6. Health Care Directive.  A Health Care Directive can serve two purposes:  appoint an agent (Health Care Agent) to make health care decisions if the maker of the Health Care Directive is unable to express health care wishes, and/or express the maker’s wishes about specific Health Care Instructions.  As with the Power of Attorney, a spouse or children have no legal right to make health care decisions without a written Health Care Directive so it is important to consider adopting a signed Health Care Directive.  There is no required form for the Health Care Directive in Minnesota, so any form will be honored if it (a) appoints a Health Care Agent, or (b) provides health care instructions, and (c) it is signed in the manner required by law.  Consider if there are any changes to be made to an existing Health Care Directive in light of the situation with COVID-19.

While it may be tempting to try “do it yourself” sites for estate planning, it is highly encouraged to call on professionals for the job.  DIY documents can be disastrous and lead to unintentional consequences.  Worse yet, it can result in costly probate or Will contests.  Legal services and end-of-life planning are “essential” services under Minnesota’s current stay-at-home order.  Attorneys remain in business and are continuing to serve client needs. 

D. Estate Taxes.  Estate planning also includes planning for potential estate and other taxes.  Currently, Minnesota’s estate tax exemption is $3 million per person.  There is a special deduction for estates that include a qualified small business or farm, allowing for a total exemption of up to $5 million.  For a business owner who is married, provisions should be included in the Will or Revocable Trust to ensure that each spouse’s exemption can be maximized. 

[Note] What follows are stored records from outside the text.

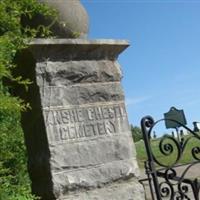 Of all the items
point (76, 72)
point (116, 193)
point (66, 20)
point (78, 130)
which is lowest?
point (116, 193)

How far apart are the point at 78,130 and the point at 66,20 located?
2.90 ft

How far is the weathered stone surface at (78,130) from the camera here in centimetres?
333

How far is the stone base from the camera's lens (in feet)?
11.1

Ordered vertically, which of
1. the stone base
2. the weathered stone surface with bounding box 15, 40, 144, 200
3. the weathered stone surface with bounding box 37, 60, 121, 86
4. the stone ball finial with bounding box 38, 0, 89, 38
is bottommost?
the stone base

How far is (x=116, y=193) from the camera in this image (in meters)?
3.48

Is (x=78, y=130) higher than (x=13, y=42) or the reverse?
the reverse

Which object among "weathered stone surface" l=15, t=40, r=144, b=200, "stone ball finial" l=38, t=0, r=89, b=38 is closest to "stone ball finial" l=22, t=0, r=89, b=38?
"stone ball finial" l=38, t=0, r=89, b=38

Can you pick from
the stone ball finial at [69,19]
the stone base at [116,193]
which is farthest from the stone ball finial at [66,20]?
the stone base at [116,193]

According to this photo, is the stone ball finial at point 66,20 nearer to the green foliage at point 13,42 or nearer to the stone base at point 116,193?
the green foliage at point 13,42

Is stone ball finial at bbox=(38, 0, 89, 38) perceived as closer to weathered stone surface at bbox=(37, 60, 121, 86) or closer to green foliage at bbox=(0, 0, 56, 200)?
green foliage at bbox=(0, 0, 56, 200)

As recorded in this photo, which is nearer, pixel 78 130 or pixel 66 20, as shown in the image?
pixel 78 130

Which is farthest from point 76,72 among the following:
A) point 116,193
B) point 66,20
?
point 116,193

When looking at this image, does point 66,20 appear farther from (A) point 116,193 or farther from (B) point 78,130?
(A) point 116,193

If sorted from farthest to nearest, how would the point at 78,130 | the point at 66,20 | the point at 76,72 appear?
1. the point at 66,20
2. the point at 76,72
3. the point at 78,130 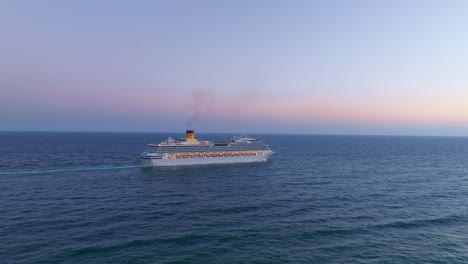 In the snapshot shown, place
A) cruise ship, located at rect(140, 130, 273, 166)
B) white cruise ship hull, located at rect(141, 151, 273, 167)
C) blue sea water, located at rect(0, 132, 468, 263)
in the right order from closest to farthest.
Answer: blue sea water, located at rect(0, 132, 468, 263) < white cruise ship hull, located at rect(141, 151, 273, 167) < cruise ship, located at rect(140, 130, 273, 166)

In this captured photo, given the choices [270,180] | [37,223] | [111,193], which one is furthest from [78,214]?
[270,180]

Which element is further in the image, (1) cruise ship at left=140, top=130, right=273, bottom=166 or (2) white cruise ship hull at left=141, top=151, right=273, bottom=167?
(1) cruise ship at left=140, top=130, right=273, bottom=166

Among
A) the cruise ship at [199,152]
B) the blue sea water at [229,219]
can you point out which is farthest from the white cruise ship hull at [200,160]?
the blue sea water at [229,219]

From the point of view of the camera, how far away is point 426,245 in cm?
3102

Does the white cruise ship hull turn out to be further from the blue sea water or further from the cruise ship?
the blue sea water

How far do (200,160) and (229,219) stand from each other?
59885 millimetres

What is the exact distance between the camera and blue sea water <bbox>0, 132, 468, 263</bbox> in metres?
28.4

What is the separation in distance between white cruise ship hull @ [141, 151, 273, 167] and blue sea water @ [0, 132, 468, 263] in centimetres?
1903

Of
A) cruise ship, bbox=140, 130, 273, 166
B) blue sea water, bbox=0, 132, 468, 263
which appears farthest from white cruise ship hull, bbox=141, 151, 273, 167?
blue sea water, bbox=0, 132, 468, 263

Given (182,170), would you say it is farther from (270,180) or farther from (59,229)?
(59,229)

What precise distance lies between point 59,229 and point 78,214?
599 centimetres

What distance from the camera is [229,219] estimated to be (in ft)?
128

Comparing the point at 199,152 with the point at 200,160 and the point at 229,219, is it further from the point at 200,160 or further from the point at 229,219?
the point at 229,219

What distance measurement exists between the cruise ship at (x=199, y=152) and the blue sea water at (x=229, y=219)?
2152 centimetres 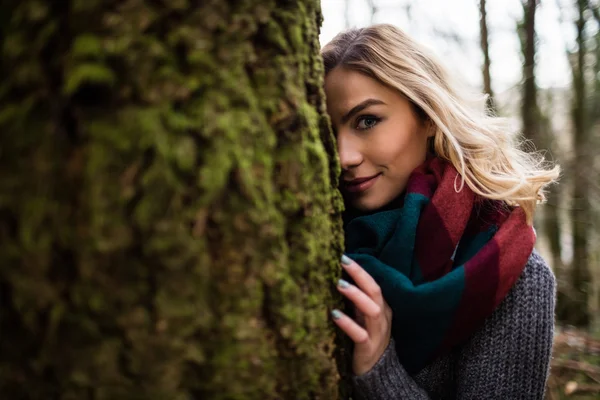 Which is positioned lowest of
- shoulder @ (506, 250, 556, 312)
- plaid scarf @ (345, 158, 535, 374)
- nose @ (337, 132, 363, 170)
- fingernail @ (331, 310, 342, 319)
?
shoulder @ (506, 250, 556, 312)

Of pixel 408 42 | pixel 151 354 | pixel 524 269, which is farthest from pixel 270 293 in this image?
pixel 408 42

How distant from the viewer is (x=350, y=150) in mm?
1988

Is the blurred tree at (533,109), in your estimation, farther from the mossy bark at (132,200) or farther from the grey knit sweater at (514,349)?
the mossy bark at (132,200)

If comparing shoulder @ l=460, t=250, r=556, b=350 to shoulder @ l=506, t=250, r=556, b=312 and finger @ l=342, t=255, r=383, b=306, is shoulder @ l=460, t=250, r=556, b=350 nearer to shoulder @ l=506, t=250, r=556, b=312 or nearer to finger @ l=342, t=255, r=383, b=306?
shoulder @ l=506, t=250, r=556, b=312

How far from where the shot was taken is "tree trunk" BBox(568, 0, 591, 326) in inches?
284

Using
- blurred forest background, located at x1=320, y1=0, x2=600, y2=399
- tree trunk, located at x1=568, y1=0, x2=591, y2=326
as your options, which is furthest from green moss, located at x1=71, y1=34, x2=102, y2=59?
tree trunk, located at x1=568, y1=0, x2=591, y2=326

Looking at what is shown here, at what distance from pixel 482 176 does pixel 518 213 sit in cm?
22

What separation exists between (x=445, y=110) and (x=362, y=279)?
115 cm

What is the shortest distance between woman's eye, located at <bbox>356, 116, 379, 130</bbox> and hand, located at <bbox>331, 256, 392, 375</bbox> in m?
0.88

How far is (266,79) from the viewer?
0.94 meters

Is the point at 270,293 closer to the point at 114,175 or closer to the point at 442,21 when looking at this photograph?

The federal estate tax exemption in 2020 is $11.58 million per person, adjusted annually for inflation through the year 2025.  In 2026, the exemption is scheduled to revert to $5 million per person, adjusted for inflation.  Under federal law, a surviving spouse is automatically entitled to the unused federal exemption of the first spouse to die.  Known as “portability,” this allows a married couple to maximize the federal exemption.  There is a special opportunity under federal estate tax laws that may allow a stock redemption from the estate on a tax-favored basis, and lifetime gifting strategies to children or trusts may also reduce tax at death. 

 Failure to plan for estate taxes, either to minimize them or plan for funding payment through life insurance or other liquid assets, can result in an estate where the primary value lies with the business.  If there are insufficient assets in the estate to pay estate tax, all or portions of the business may have to be sold – relatively quickly – to raise funds to pay taxes when due.  This “fire sale” scenario can be disastrous to the business and surviving family members.